Giorgetto et le Professore, deux amis sexagénaires, ont toujours vécu à Rome dans un quartier populaire où ils ont toutes leurs habitudes. Aujourd’hui retraités, ils voient leur entourage progressivement se réduire et leur maigre pension ne leur permet que de vivoter à crédit. Ainsi, quand leur parvient la rumeur qu’une vague connaissance vivrait comme un prince à Saint-Domingue de sa faible retraite italienne, les deux hommes décident à leur tour de s’expatrier. Ou plutôt, dans un premier temps, de s’informer sur cette possibilité. Au fil de leurs recherches cocasses, ils rencontrent Attilio, un ancien baroudeur, citoyen du monde, qui décide de se joindre à l’aventure. Et cela ne sera pas une mince affaire: choisir une destination adéquate, régler les problèmes administratifs et bancaires, trouver l’argent nécessaire pour pallier le plus urgent, apprendre la langue de la future destination, seront autant de bâtons dans les roues de ces joyeux retraités. Et quand le trio fait la connaissance d’Abu, un jeune migrant venu d’Afrique, c’est toutes leurs certitudes qui sont soudainement ébranlées. Et si finalement la difficulté majeure était simplement partir?
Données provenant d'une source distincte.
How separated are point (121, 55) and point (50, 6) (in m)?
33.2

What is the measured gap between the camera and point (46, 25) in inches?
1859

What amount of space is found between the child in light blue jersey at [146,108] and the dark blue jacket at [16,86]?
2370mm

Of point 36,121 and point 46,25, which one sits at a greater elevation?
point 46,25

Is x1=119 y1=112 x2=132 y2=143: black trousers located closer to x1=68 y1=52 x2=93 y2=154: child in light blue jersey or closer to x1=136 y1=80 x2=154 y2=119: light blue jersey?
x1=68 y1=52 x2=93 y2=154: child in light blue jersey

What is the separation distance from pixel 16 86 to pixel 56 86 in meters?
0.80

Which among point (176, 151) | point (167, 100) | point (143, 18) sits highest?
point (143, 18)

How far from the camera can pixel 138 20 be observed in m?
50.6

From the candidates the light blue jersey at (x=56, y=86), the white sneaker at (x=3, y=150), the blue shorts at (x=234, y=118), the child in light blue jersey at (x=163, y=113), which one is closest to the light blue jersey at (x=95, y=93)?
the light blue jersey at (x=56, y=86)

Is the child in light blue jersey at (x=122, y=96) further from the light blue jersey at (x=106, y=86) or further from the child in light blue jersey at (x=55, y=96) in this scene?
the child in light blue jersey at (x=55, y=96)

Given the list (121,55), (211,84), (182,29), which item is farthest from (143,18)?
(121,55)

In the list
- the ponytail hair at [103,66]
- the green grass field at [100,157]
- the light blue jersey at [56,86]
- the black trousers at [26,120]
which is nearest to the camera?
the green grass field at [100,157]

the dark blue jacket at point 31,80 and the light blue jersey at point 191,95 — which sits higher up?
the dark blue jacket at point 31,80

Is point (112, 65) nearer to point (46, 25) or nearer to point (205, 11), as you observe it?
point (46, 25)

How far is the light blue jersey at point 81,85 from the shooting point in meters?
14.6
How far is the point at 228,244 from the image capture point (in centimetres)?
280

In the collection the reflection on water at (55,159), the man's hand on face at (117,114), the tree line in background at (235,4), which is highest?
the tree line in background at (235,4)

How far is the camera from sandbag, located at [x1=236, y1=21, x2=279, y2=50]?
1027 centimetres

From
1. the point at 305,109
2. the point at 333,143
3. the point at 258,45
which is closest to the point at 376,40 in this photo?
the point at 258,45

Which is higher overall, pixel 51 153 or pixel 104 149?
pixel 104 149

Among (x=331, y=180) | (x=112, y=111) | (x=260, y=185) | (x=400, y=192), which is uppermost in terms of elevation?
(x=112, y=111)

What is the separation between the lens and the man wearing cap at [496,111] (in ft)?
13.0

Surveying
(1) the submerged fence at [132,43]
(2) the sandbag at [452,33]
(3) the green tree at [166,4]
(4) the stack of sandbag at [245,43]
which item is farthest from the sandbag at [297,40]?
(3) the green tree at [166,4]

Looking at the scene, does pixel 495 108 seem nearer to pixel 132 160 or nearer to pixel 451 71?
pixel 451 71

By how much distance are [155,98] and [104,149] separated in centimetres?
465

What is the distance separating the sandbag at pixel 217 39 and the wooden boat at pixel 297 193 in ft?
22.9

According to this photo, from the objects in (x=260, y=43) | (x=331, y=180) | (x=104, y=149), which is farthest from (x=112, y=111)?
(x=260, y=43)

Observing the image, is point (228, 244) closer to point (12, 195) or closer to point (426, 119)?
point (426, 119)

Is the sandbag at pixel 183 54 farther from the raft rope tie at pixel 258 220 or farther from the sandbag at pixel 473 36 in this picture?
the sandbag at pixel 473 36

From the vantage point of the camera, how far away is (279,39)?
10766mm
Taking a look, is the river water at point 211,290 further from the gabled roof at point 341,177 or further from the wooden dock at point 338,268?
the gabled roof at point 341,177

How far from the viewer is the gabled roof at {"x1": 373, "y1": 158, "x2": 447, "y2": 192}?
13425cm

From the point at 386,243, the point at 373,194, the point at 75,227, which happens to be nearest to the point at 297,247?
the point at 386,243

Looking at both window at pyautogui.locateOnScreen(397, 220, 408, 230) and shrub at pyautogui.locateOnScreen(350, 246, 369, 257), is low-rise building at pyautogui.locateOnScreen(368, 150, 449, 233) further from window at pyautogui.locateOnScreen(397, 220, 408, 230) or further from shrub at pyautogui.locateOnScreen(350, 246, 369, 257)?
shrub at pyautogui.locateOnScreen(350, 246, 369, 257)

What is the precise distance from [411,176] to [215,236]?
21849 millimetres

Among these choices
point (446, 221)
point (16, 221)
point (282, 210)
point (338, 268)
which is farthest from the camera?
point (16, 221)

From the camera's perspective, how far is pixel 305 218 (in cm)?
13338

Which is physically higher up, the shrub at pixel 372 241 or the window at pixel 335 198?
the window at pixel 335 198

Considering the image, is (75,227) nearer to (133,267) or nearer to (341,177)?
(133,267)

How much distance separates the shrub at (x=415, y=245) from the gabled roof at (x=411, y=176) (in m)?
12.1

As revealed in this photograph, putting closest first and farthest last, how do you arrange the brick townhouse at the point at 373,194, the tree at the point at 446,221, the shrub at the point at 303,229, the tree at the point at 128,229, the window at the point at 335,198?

C’est dans la continuité de ses précédentes comédies (Le Déjeuner du 15 août, Gianni et les femmes, etc.) que le réalisateur, scénariste et acteur Gianni Di Gregorio met en scène son Citoyens du monde, emmené par un trio de comédiens pétillants, truculents et parfaitement complémentaires. En croquant avec un certain mordant une société romaine quelque peu désabusée, le cinéaste propose un film dans l’héritage de la comédie italienne entre réalisme et cynisme. Il confère toutefois à son histoire un ton franchement ancré dans l’actualité en s’attaquant à des problématiques particulièrement présentes dans l’Italie d’aujourd’hui: immigration, pouvoir d’achat, retraites.

Devenir un étranger

«L’idée de ce film est née d’une conversation avec Matteo Garrone (autre réalisateur italien, ndlr) qui m’a incité à écrire sur un retraité désargenté qui est obligé de partir à l’étranger pour améliorer ses conditions de vie», explique Gianni Di Gregorio. Cette quête d’une existence meilleure centrée sur la question du pouvoir d’achat se retrouve alors au cœur des préoccupations. Ainsi les personnages n’auront de cesse de se plaindre et s’amuseront, effarés, à comparer par exemple le prix d’une bière à travers le monde (5 euros à Genève, 1 euro à Sofia, etc.). Mais la rencontre avec Abu va amener le trio à relativiser sa situation. «Toi papa, tu es pauvre?» répond d’ailleurs la fille d’Attilio aux jérémiades de son père. «Alors que j’étais en phase d’écriture, j’ai été rattrapé par la réalité. Je fais référence à toutes les tragédies en mer liées à l’immigration. Cette réalité s’est imposée dans mon histoire avec sa propre urgence. Et c’est comme ça qu’est apparu un nouveau personnage, véritable voyageur de notre époque, un jeune Africain venu en Italie en canot pneumatique», précise le cinéaste. Sur le ton de l’humour, Citoyens du monde amène ainsi le spectateur européen à examiner sa situation de privilégié et surtout à réfléchir sur la terrible réalité qui peut se cacher derrière le mot «partir». «Ici c’est notre monde. Nous sommes nés ici. On nous connaît», lâchent les protagonistes en comprenant à quel point il est difficile de devenir soi-même un immigré.

Citoyens du monde, de Gianni Di Gregorio, dans les salles en Suisse romande depuis le 26 août.